■ **GIVEN DATA**:

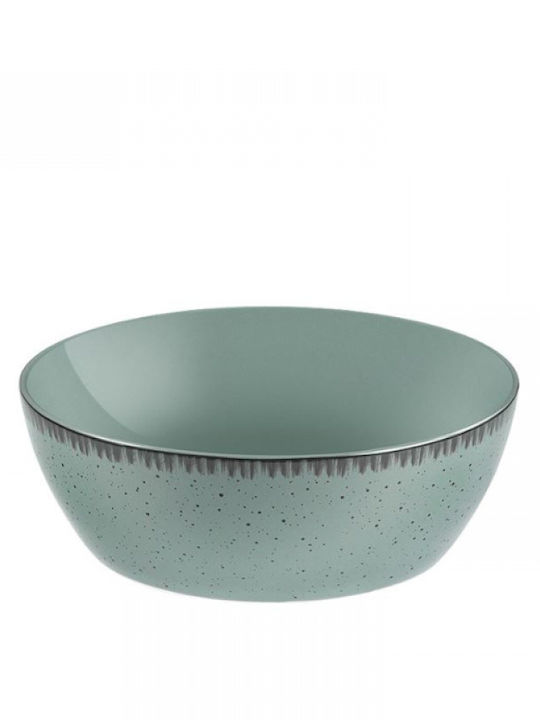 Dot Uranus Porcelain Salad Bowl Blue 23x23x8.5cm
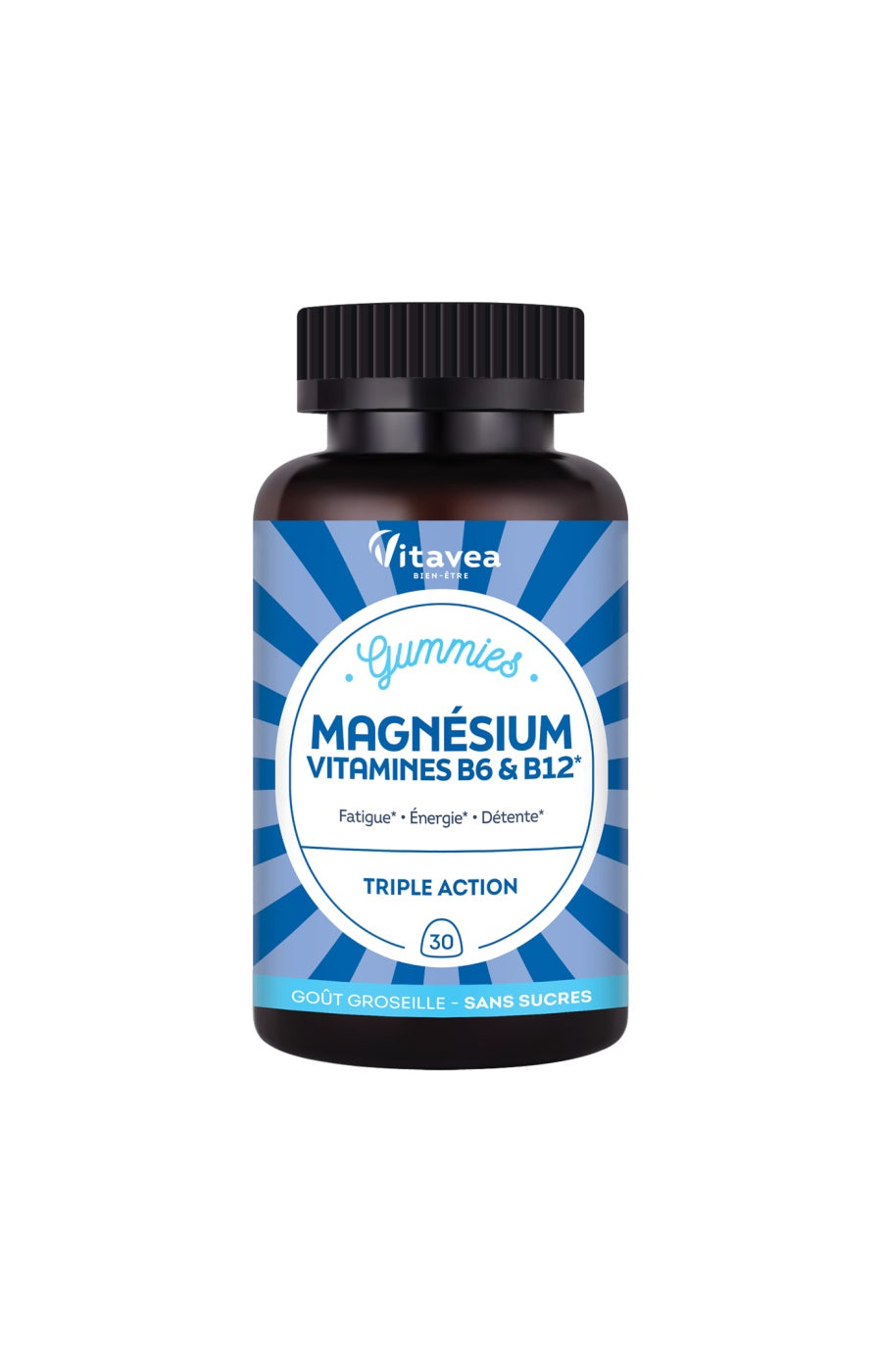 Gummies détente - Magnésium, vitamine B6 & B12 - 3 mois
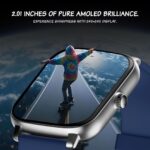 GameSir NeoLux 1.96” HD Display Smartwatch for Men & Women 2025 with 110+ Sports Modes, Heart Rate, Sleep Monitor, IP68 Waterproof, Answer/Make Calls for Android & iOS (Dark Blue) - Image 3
--
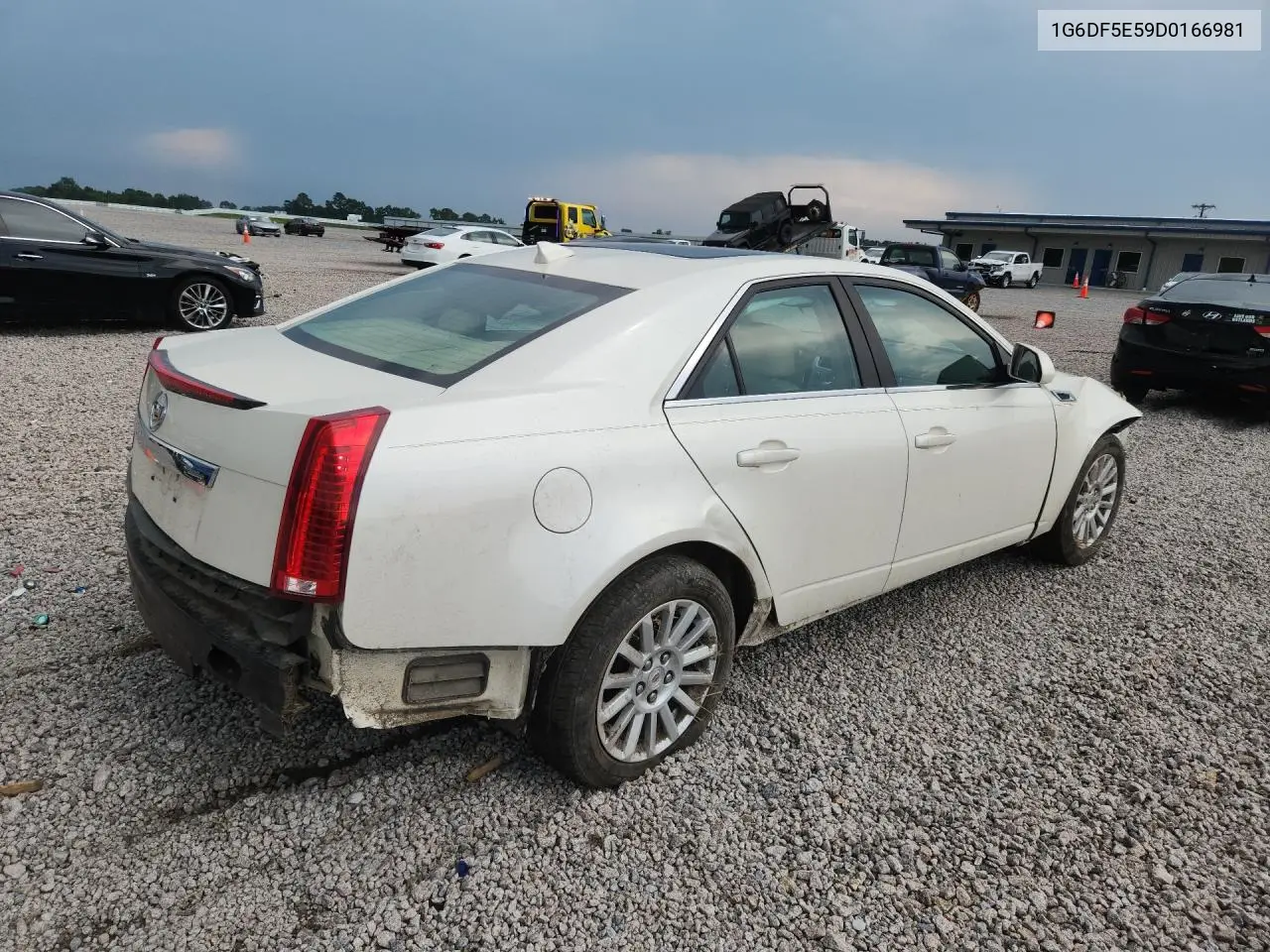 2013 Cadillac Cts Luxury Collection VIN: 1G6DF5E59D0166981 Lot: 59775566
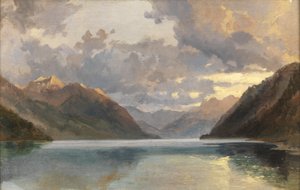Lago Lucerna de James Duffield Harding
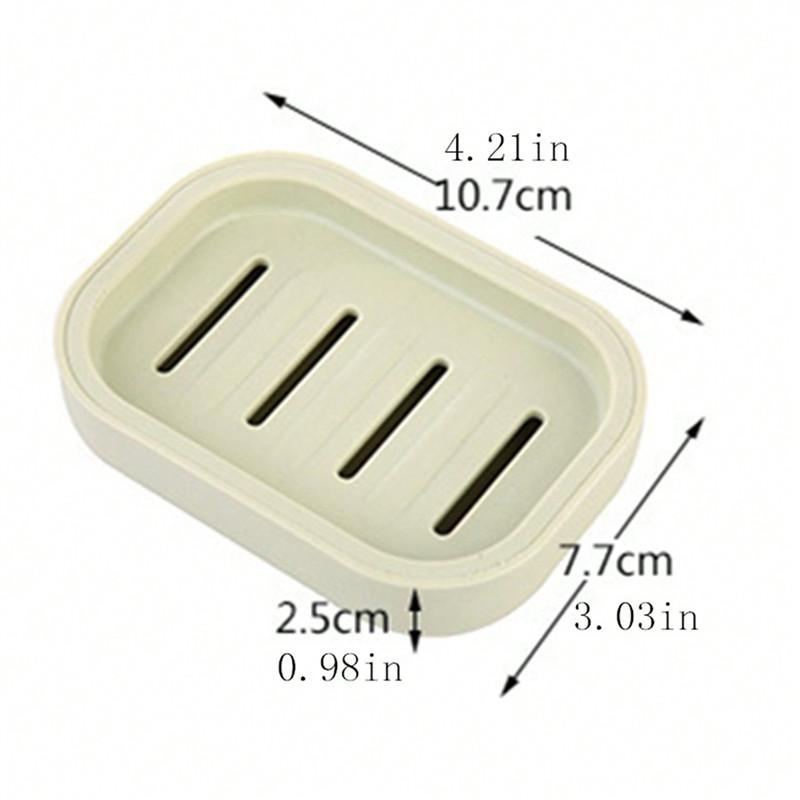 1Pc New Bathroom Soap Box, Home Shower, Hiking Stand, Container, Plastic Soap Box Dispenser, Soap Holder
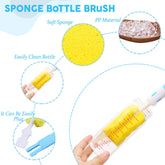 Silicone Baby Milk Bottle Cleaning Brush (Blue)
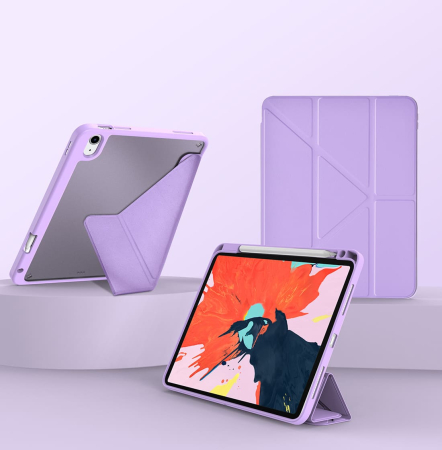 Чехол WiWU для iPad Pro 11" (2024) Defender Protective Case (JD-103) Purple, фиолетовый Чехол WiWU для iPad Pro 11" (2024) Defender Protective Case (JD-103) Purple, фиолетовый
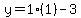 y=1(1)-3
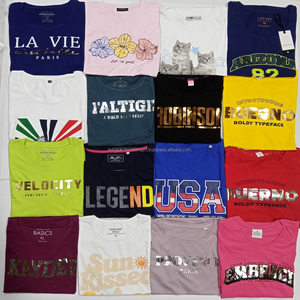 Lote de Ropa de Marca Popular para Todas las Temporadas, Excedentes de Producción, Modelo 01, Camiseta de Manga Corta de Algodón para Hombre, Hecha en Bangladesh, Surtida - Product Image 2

■ **ACTION ITEM**: Return exactly the lines that appear in the data above between the line containing "Gummies détente - Magnésium, vitamine" and the line containing "Blue) - Image 3", both of which are included, and leave the pictures out.

■ **REPLY**:
 Gummies détente - Magnésium, vitamine B6 & B12 - 3 mois
 GameSir NeoLux 1.96” HD Display Smartwatch for Men & Women 2025 with 110+ Sports Modes, Heart Rate, Sleep Monitor, IP68 Waterproof, Answer/Make Calls for Android & iOS (Dark Blue) - Image 3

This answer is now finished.